Cuando el PNV gobernó en Euzkadi,
CiU en Cataluña, al partido que entonces representaba al centro-derecha (la
UCD) extendió el sistema autonómico a toda España en la esperanza de poder
crear nuevos centros de influencia regional para sus dirigentes, tal como
habían hecho los nacionalistas. Ese fue el llamado “café para todos”, sin duda,
el mayor error histórico cometido por Adolfo Suárez.
Aquellas aguas trajeron estos
lodos:
1) La
aparición de un descomunal “Estado de las Autonomías” compuesto por 17 pequeñas
taifas autonómicas, con 17 pequeños gobiernos regionales, 17 pequeños parlamentos,
17 pequeños consejos de ministros y 17 sistemas autonómicos que tendían a
reproducir el aparato del Estado a modo de fotocopia reducida, en cada
autonomía. Un sistema económicamente inviable, burocratizado y paquidérmico.
2) La
aparición de nuevos centros de poder que desdibujaban las responsabilidades en
los errores y tendían a atribuirse los éxitos.
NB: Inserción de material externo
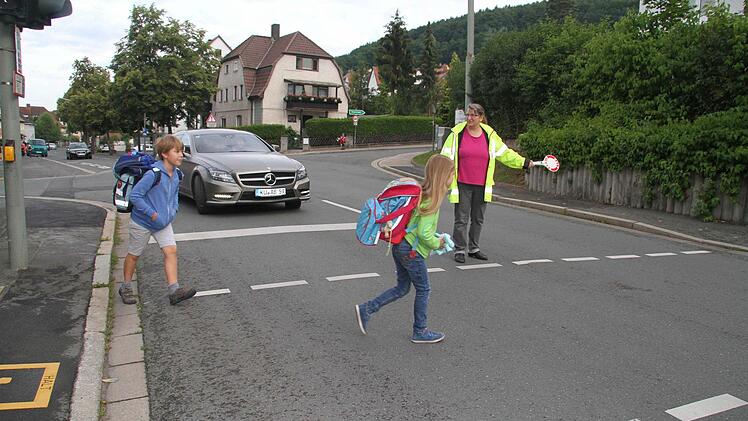 Dass bei Rot auch wirklich alle Autofahrer anhalten, ist in der Blaich nicht an der Tagesordnung. Das können die Schulweghelferinnen, die dort jeden Morgen Dienst tun, bestätigen. Fotos: Sonja Adam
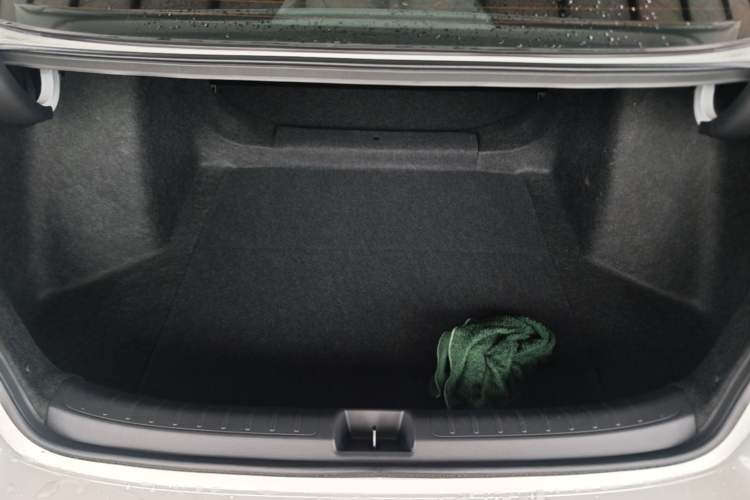 Used Honda Civic 2022 240TURBO CVT Dynamic Edition Trunk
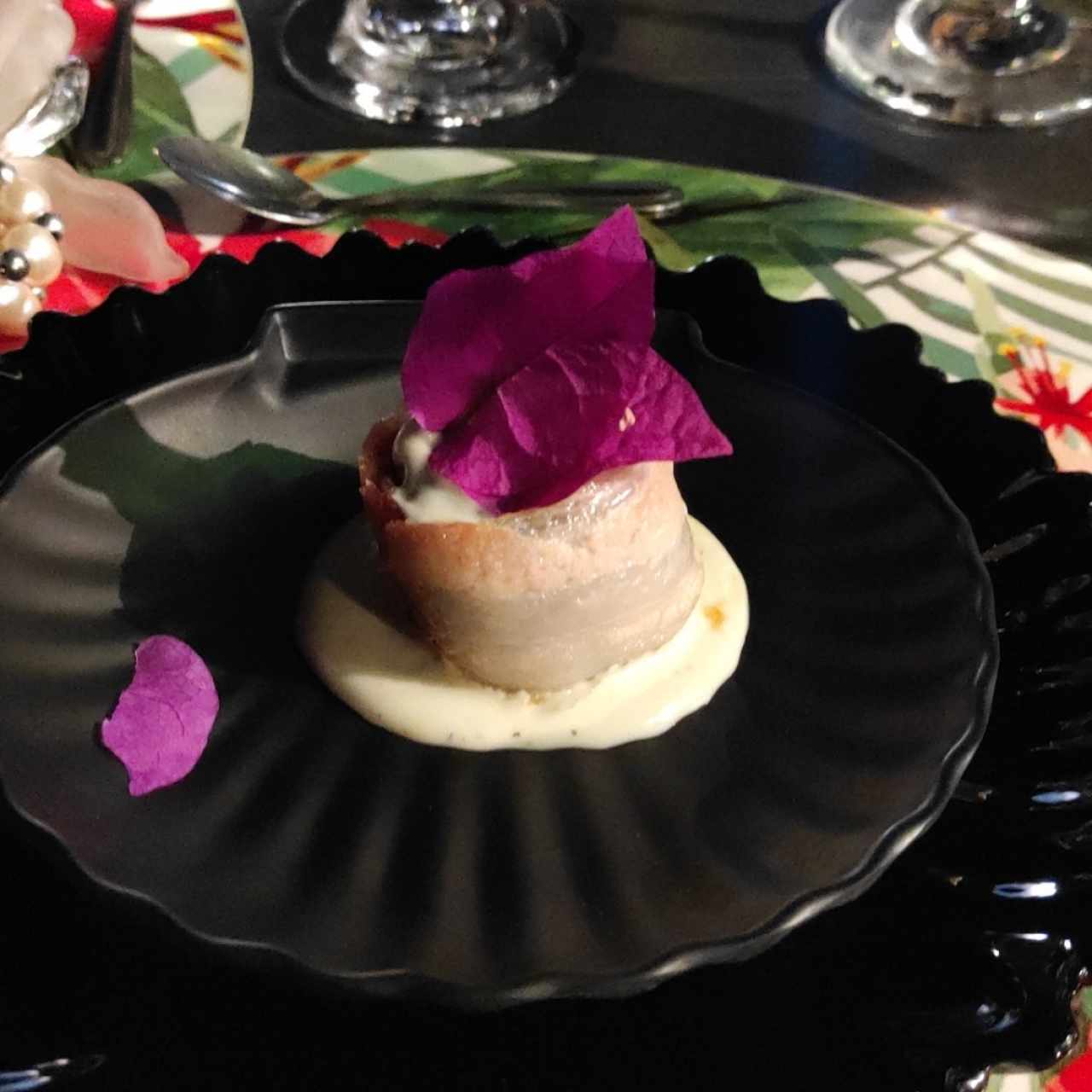 entrada Roll de tocineta , higo, chistorra en reducción de queso azul.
A partir del “Estado de las
Autonomías” se echó en falta la existencia de un “centro de imputación” claro
al que atribuir los éxitos y los fracasos, unido a otras instituciones
intermedias (las diputaciones provinciales) que complicaron extraordinariamente
la administración.
3) La
centrifugación creciente del país al exigir cada autonomía mayores niveles de
autogobierno por el simple placer de controlar más masa presupuestaria y así
facilitar el clientelismo y las corruptelas. Este proceso llegó a su cúspide
durante el período 2004-2008 dada la incapacidad política de Rodríguez
Zapatero, su falta de concepción del Estado y su desconocimiento completo de la
diferencia entre “nación” y “nacionalidad”.
El enloquecido debate que tuvo
lugar en Cataluña durante los años 2004-2008 en torno al “Nou Estatut”
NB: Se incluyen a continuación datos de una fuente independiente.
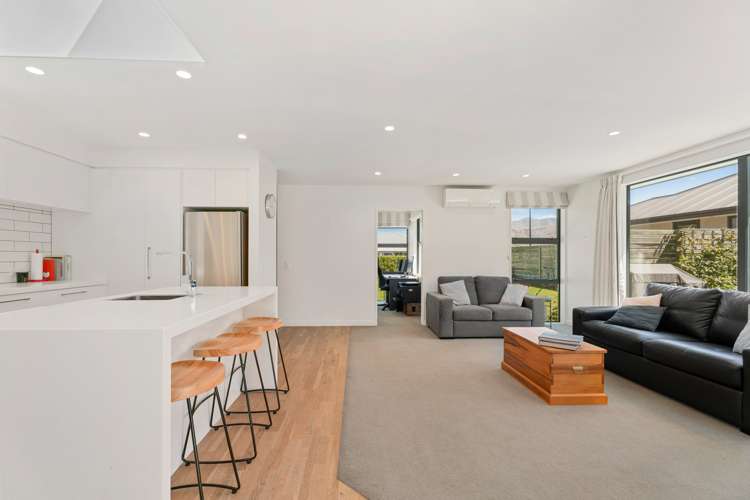 88 Risinghurst Terrace Lower Shotover_11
terminaron por envenenar el problema: Zapatero afirmó, a despecho de la
legalidad constitucional, que aceptaría cualquier estatuto que saliera del
parlamento catalán y cuando llegó al parlamento un texto que prácticamente
convertía a Cataluña en nación-estado independiente salvo en lo relativo a
defensa, la sentencia del Tribunal Constitucional constituyó una decepción para
el nacionalismo catalán que se había hecho la ilusión de ser un Estado con
todas las ventajas de la independencia y, al mismo tiempo, de ser región de un
Estado Europeo.
A partir de ahí, especialmente
tras la sustitución de Montilla por Artur Mas, CiU, a la vista de que
legalmente no podía llegar al techo autonómico establecido en el Estatut,
insistió en lo único que realmente le interesaba: el control sobre las llaves
de la caja, esto es el alcanzar un “concierto económico” similar al vasco de
tal manera que el 100% de los ingresos del Estado en Cataluña fueran recaudados
por la Generalitat y ésta pagase solamente una cantidad pactada al Estado.
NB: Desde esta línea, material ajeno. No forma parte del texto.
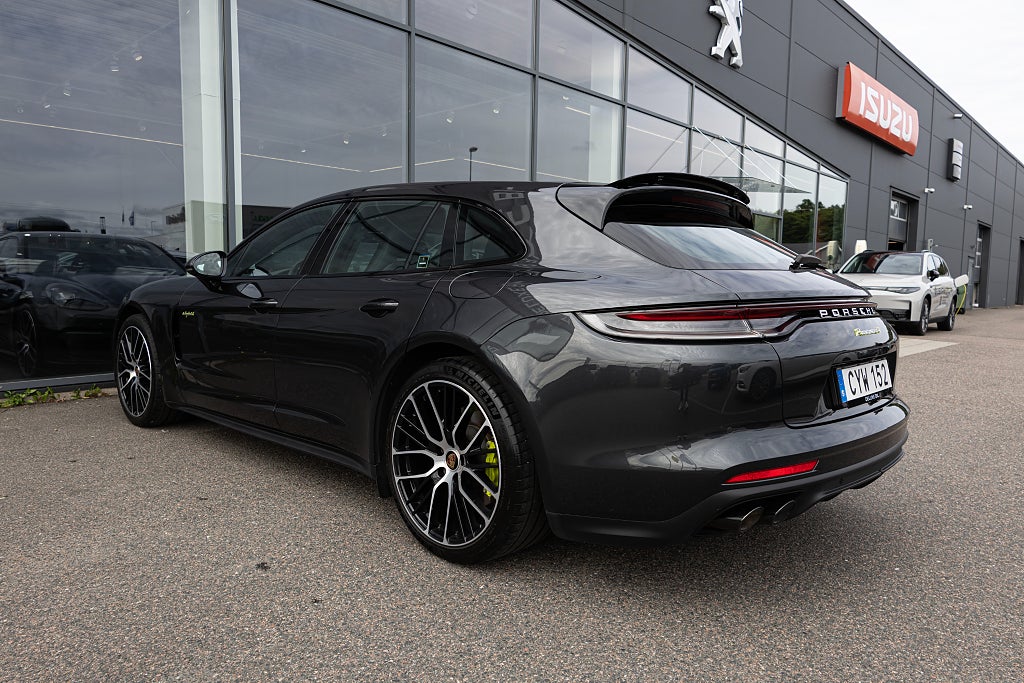 Porsche Panamera 4 E-Hybrid Sport Turismo PDK 462 hk Se utrustning!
Pero cuando esto ocurría, la
situación global del país había cambiado: en 2007 estalló la crisis económica
más grande de la historia de España que, a medida que fue avanzando, demostró
la falta de recursos del Estado: faltaba el dinero, por tanto, no había nada
que repartir y menso que pactar. El problema se complicó porque entre 1992 y
2008, la Generalitat de Catalunya había entrado en una dinámica de despilfarro
económico que solamente podía mantenerse en una situación de absoluta bonanza,
pero que era insoportable en cuanto mermaran los ingresos.
El faraonismo de la Generalitat,
su pesada burocracia y sus altos niveles de corrupción (no olvidemos el 3% de
comisión cobrado por los partidos del poder por concesión de obra pública…)
generaron una situación financiera insoportable en la que el gobierno
autonómico catalán se situó (está hoy) al borde de la bancarrota.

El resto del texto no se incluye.